Penelantaran masjid juga dibantah Kepala Desa Gadingkulon Wahyu Eddi Prihanto. Ditemui di kantornya, Eddi mengatakan pengelolaan masjid memang sudah diserahkan ke pemerintah desa yang dipimpinnya, tapi tiada disertai batas waktu pengelolaan. Perawatan masjid menunggu sampai ada jamaahnya. "Bukan ditelantarkan, tapi memang tidak ada jamaahnya sehingga tidak ada yang menggunakan dan mengurusnya," kata Eddi.
Eddi mengaku, gara-gara dianggap menelantarkan pernah diprotes lewat pesan pendek oleh Muhammad Romly, juru bicara Ansharul Khilafah, kelompok yang mendeklarasikan diri di Masjid Jami Sulaiman Al Hunaishil dan mengadakan pengajian Ramadan pada 20 Juli 2014. Kelompok ini pun diduga melakukan pembaiatan alias pengucapan sumpah setia kepada imam atau pemimpin Negara Islam Irak dan Suriah atau ISIS, Abu Bakr al-Baghdadi.

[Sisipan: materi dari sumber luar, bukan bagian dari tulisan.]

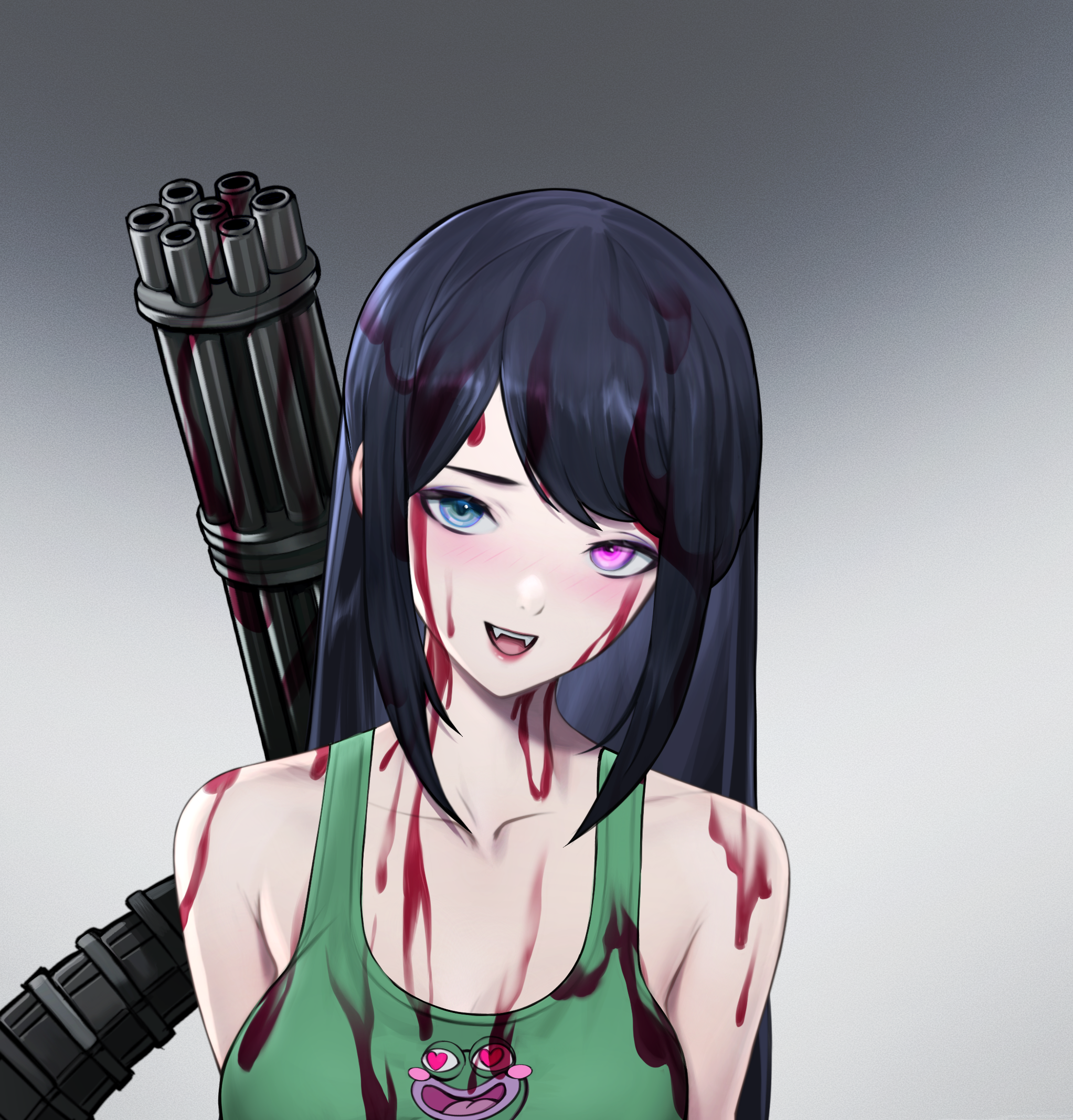 Killer GF #4572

Padahal, menurut Eddi, harusnya yang memprotes adalah pengurus Lembaga Peduli Pendidikan Islam (LP2I) Al Fawaz karena pembangunan masjid dibiayai oleh lembaga keagamaan yang berkantor di Pare, Kediri, itu. LP2I Al Fawaz pula yang kemudian menghibahkan masjid ke pemerintah daerah setempat setelah masjid yang dibangun mulai sekitar Oktober 2013 itu dipersoalkan warga dan pemerintah karena tidak berizin dan dianggap disalahgunakan oleh kelompok Romly.
"Tidak warga kami yang ikut jadi jamaah kelompok itu. Kami pun tidak bisa memaksa warga harus mau urus masjid itu. Tapi kami tetap memantau dan mengawasinya," ujar Eddi.
Kepala Kepolisian Sektor Kota Dau Komisaris Soepary menyatakan Masjid Jami Sulaiman Al Hunaishil tidak ditelantarkan. Ia menegaskan kondisi kumuh dan kotornya masjid karena sesungguhnya pembangunan masjid tersebut belum selesai.
"Listrik dan air tak ada. Jamaahnya pun sudah tak ada. Kami kan tidak bisa paksa warga desa untuk jadi jamaah, lalu mengurusnya. Tapi sejauh ini kondisi kamtibmas (keamanan dan ketertiban masyarakat) di sana sangat kondusif dan pengawasan tetap berjalan," kata Soepary, lewat telepon.